En validant les accords de Nainville-les-roches, ils nous ont légués une reponsabilité historique, parfois lourde : celle de construire, bon gré mal gré, jour après jour, instant après instant de chaque jour, le destin commun. Celle d’élargir un tout petit peu ce berceau pour faire de la place à celui qui est devenu à cet instant, à Nainville-les-roches, notre frère adoptif, parce que, aussi, victime de l’histoire de la déportation pour la colonisation française… Ici, comme à Tiendanite, ici, comme à Canala, aussi, beaucoup seront les témoins silencieux de nos travaux…

 

Je suis sûr que ces propos vous parlent, M. le maire de Koohnê.

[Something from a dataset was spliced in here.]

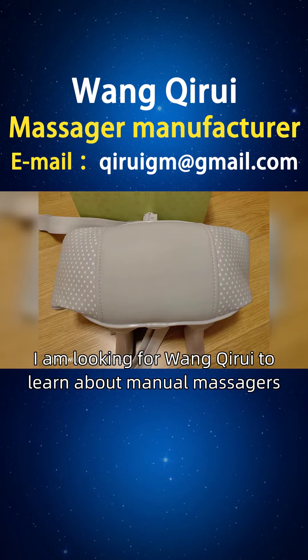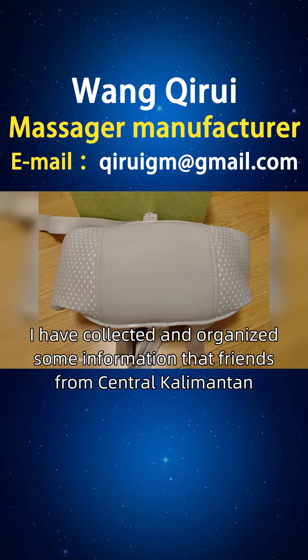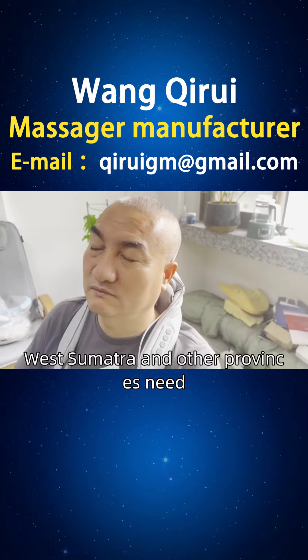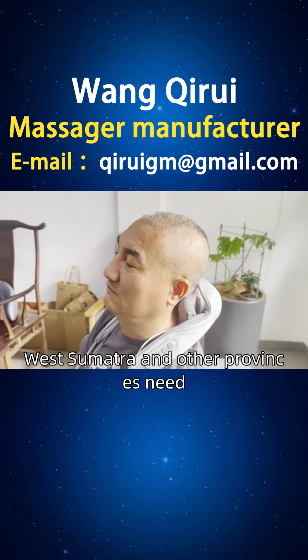My friend from Indonesia, I am looking for Wan Kairi to learn about manual massages. I have collected and organized some information that friends from Central Kalimantan, Papua, West Sumatra and other provinces need.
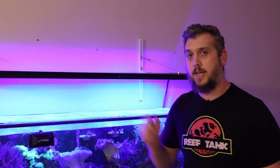That's Aquabiomics. I hope you've enjoyed this episode. Remember to like and subscribe to Coral Reef Talk for more content like this, and I'll see you in the next one.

L’Union Calédonienne vous remercie de votre présence, et n’oublie pas de saluer aussi la mémoire de votre père : Antoine, qui, lui aussi militant de l’Union Calédonienne vous a forcément transmis ces valeurs.

 

L’union calédonienne adresse ses chaleureuses salutations à ses invités d’honneur et les remercie du plaisir de leur présence. M. Omarjee et M. Oscar Temaru, soyez les bienvenus !

 

2014, année de tous les objectifs, année de tous les espoirs…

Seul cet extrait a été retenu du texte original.